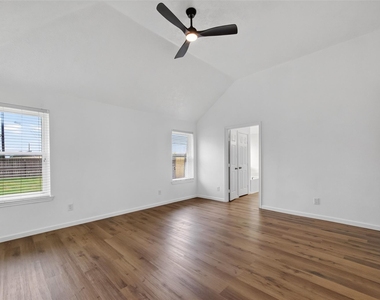 7403 Oak Walk Drive - Photo Thumbnail 30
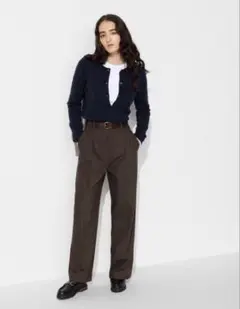 美品　UNIQLO タックワイドパンツ　ダークブラウン　L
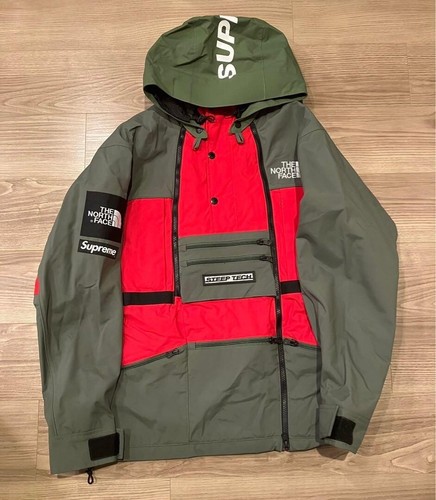 Giacca da montagna The North Face Supreme Collaboration colore raro con etichetta Len:29"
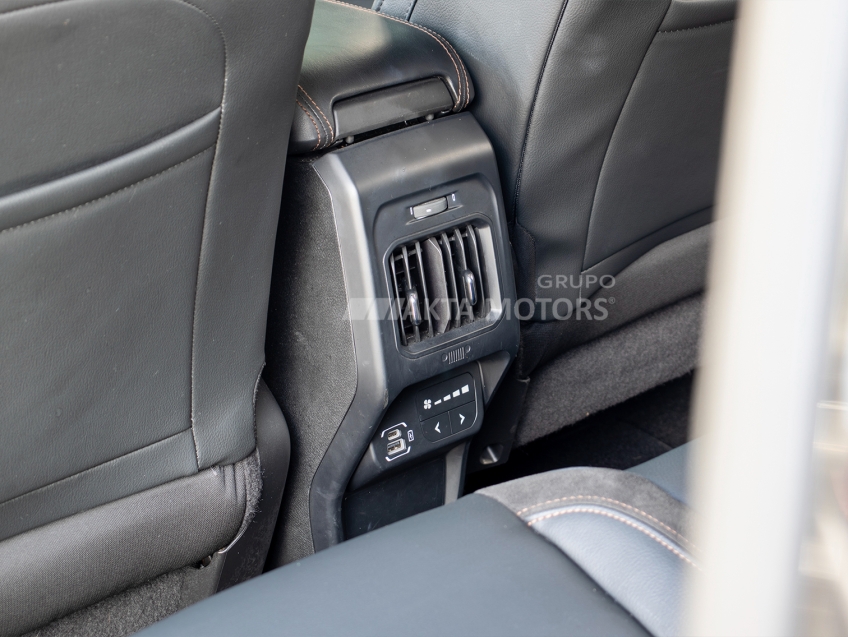 jeep commander 1.3 t270 turbo flex limited at6 4p automatico 2024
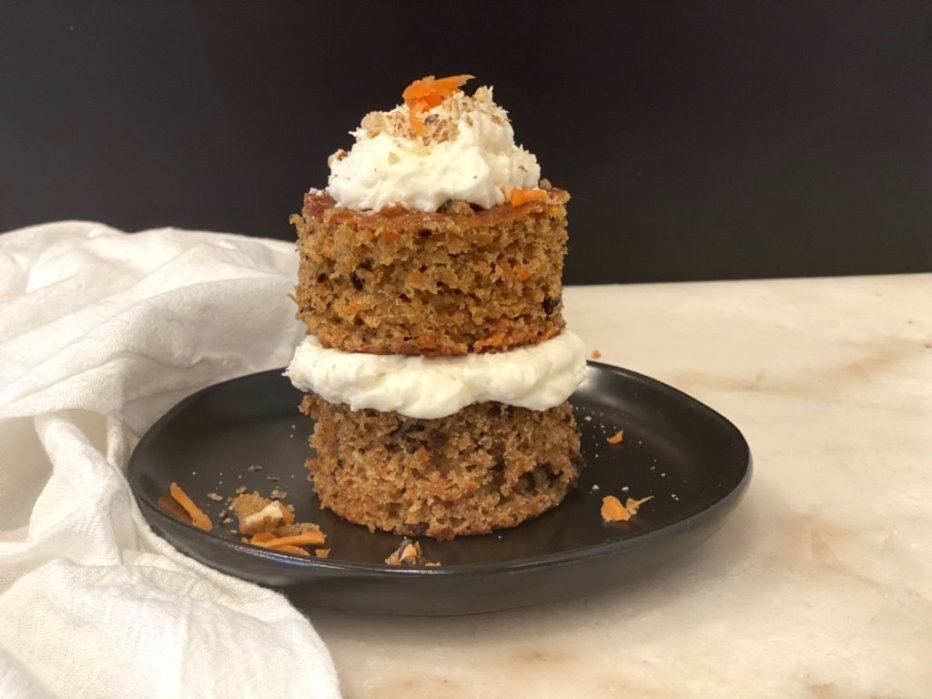 carrot cake double stack cupcakes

EXERCISE REQUIREMENTS: In the records above, find the line that contains "Giacca da montagna". Print it and every later line exactly, omitting the pictures.

FINAL ANSWER:
 Giacca da montagna The North Face Supreme Collaboration colore raro con etichetta Len:29"
 jeep commander 1.3 t270 turbo flex limited at6 4p automatico 2024
 carrot cake double stack cupcakes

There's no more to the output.